A spooky offshore reef where no one can hear you scream.

Whenever thick lumps of swell heave over this outer reef, a cast of wily regulars are at the ready.   

Over the years, the local specialists have become more brazen in their pursuit of the fat-lipped, muscular pits the spot is renowned for. Or as photographer Dean Wilmot put it, “The local boys charge hard”.

Although Dean spent more than a decade earning a rep as one of the best lensman at Pipe and Backdoor, he’d never shot out here before. Recently reacquainted with his camera rig, after an extended hiatus, once he’d heard about this wave, he had to experience it for himself. When the charts revealed a promising east coast swell coinciding with winds flickering auspiciously west, Deano bolted south, equipped with little more than a couple of phone contacts and vague directions about how to get to the reef.

Photogs typically hitch a ride on a ski to get out here, however by the time Dean found the boat-ramp, almost all the ski teams had been launched.

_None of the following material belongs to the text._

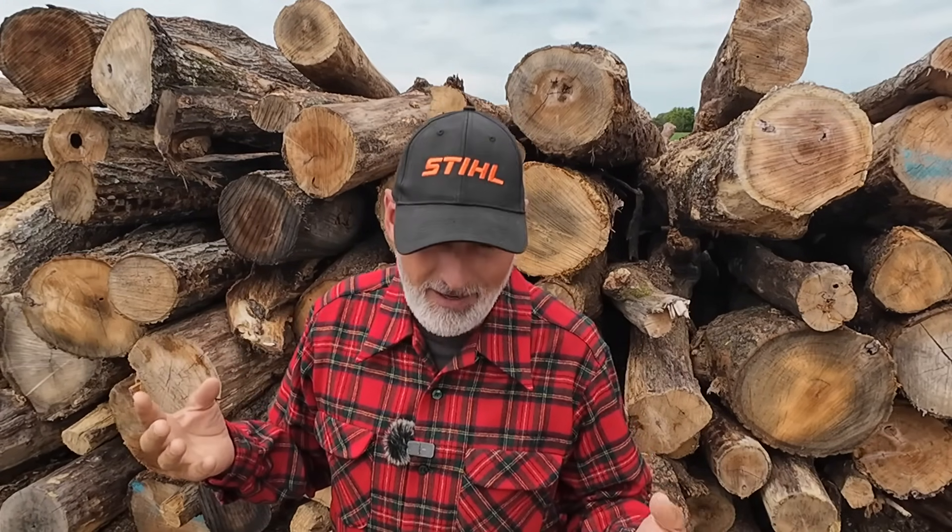Number 9: have your wood way before you're going to need it. This is similar to the previous point — what you want to do is have your wood ready a year or two years in advance. Make sure that when you're going to need it, it's cut, dried, and split, all ready to go. You do not want to run out of wood. Cold doesn't always stop when you're out of wood — cold continues, so be ready for it.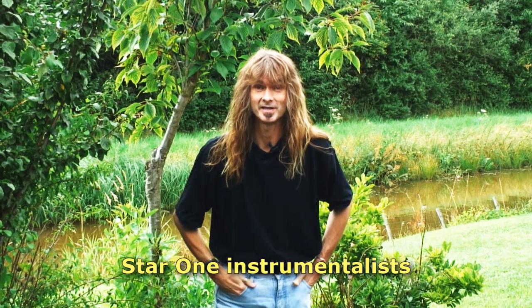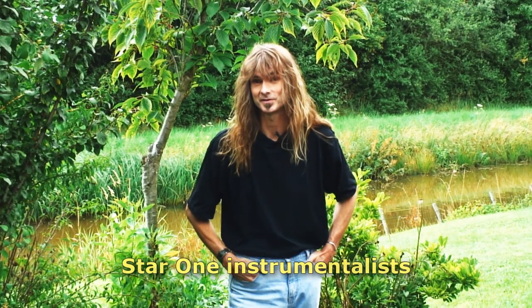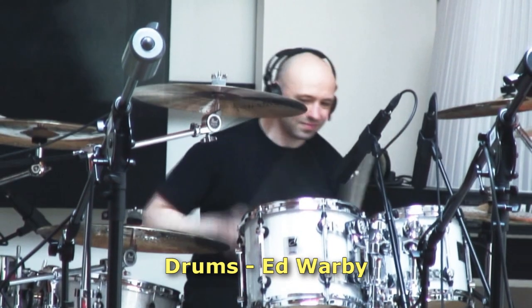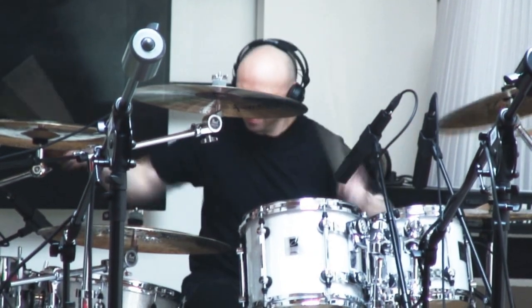I'd like to introduce the instrumentalists of Star 1 to you. Like with the singers, I chose to use the same ones simply because they're the best. Of course there's Ed Warby on drums again, and once again he managed to impress me. He's amazing.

One driver promised to come back and pick him up but never returned. In the end his only option was to make the long, lonely swim across a sharky ditch to the offshore reef. Out in the water, a helmeted Deano figured out his markers and marvelled at the bold antics of the surfers. Deano flippered hard to stay in the zone, struggling to contain his excitement as he took aim with his camera. However, after a while his legs became so cramped up they felt like concrete pylons attached to his torso. He was a long way out without anyone really watching his back.

Noa Deane wrestling with an unfriendly foam ball. Photo: Sam Venn.

Fortunately, he secured a ride in with Josh Gallagher who put him on a sled …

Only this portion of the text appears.